"Like Lambs To Slaughter," Observations On The Real Lessons Of Keynes

Tyler Durden's picture

From the management of a global currency war to the 1998 Committee to Save The World, QBAMCO provides an all encompassing escape into the reality our current - and future - monetary (and inflationary) world. While Brodsky and Quaintance do not expect a breakdown in global monetary oversight, they do expect fiat currency debasement to continue to mask the driver of real economic malaise and contraction - global bank deleveraging; and they do expect this process to lead to a popular loss of confidence in today’s major currencies as savings instruments – perhaps beginning in the global capital markets in 2013.

 

The big macro questions:

Will global central banks raise rates, withdraw bank reserves or tighten credit policies in any way before the global economy experiences significant price inflation? No.

 

Will they continue threatening to tighten? Probably.

 

Will they continue to de-lever bank balance sheets via bank reserve creation? Absolutely.

 

Will global central banks continue to be significant net purchasers of physical gold in 2013 and beyond? Bank on it.

 

Will big global wealth holders convert increasing amounts of fiat currency into physical precious metals, resources and other beneficiaries of global price inflation? Highly likely.

 

Will Western financial asset allocators figure out what all this implies for stocks and bonds in 2013? We think so, probably after a significantly higher-than-expected CPI print.

 

Higher global goods and service inflation is a tail event currently unforeseen by the great majority of investors and unexpressed, or expressed improperly, in the great majority of investment portfolios. And yet we see it as a lock, perhaps asserting itself in 2013.

 

February marks QBAMCO’s sixth anniversary and we are grateful for the interest our views have generated. This piece addresses the following issues:

Currency War – Theory & Practice: We argue one should not necessarily mistake rotating currency devaluations presently for the threat of a belligerent global currency war. Monetary authorities are likely to continue managing the timing and magnitude of discrete, coordinated relative currency weakness so that the appearance of a stable global monetary system remains intact.

 

Cause for Concern: While we do not expect a breakdown in global monetary oversight, we do expect fiat currency debasement to continue to mask the driver of real economic malaise and contraction – global bank de-levering; and we do expect this process to lead to a popular loss of confidence in today’s major currencies as savings instruments – perhaps beginning in the global capital markets in 2013.

 

Lambs to Slaughter: We do not expect an overt crash in global stock, bond and real estate markets, or one that would last very long. They are already crashing in real terms and there is a well-structured mechanism in place to support nominal pricing. Any future flight of public sponsorship would be met with central bank credit support working through bank intermediaries.
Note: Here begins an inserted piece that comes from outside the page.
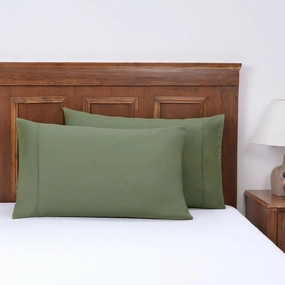 Slumber 100%Cotton Solid Green Pillow Case Set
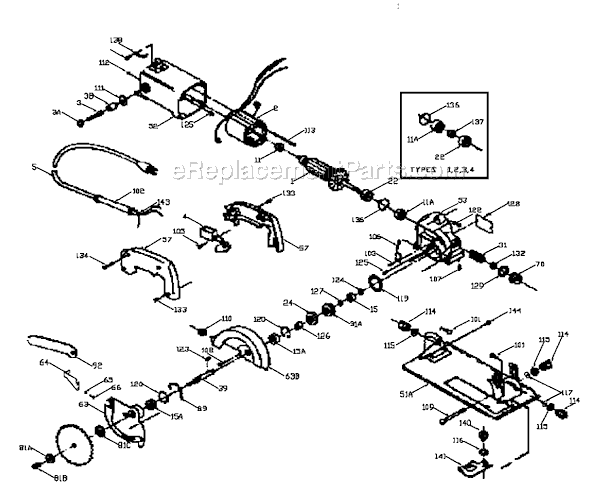 Page A Diagram and Parts List for 314H  Porter Cable Circular Saw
For those not part of the support mechanism, however, the monetary market put does not necessarily argue in favor of investing broadly in implicitly levered financial markets.

 

The 1998 Committee to Save the World & Centralize Global Economic Control (and their Legacy Beards): We think the smart play is to bet with these guys and the power of their institutions.

 

Reasonable Contrarianism: The pain of holding an inflationary bias over the last six years has been intense, and the pain has only increased exponentially over the last two years. The good news is that we believe for the first time there are important macroeconomic events signaling a fundamental shift in the global monetary system is finally approaching. We expect discussion of Fed, ECB and BOE inflation and/or nominal GDP targeting to become louder and more frequent in 2013, and we expect markets to begin adjusting asset prices accordingly.

 

The Pain Trade: All the Sturm and Drang in the financial press about a revival of the US housing market is bologna. We provide a short idea.

 

Bad Science: On February 1, a large multinational bank published a report that called the end of the bull market in gold, claiming; “the 2011 high will prove to have been the peak for the USD gold price in this cycle.” While no one knows the future and the dollar price of gold may rise or fall, we are quite certain gold’s future path will have nothing to do with the arguments included in this report. Sadly, it was a case study in false identities leading to wayward causations and, in our view, a diametrically wrong conclusion.

 

The True Lesson of JMK: The most important takeaway from John Maynard Keynes many views is that sometimes change for change’s sake is necessary to jumpstart popular confidence.

The Play: We think that what will eventually (or soon) occur will be the rare occasion when return-on-savings trounces return-on-investment, implying precious metals will outperform the great majority of financial assets (except for shares in precious metals miners and natural resource producers).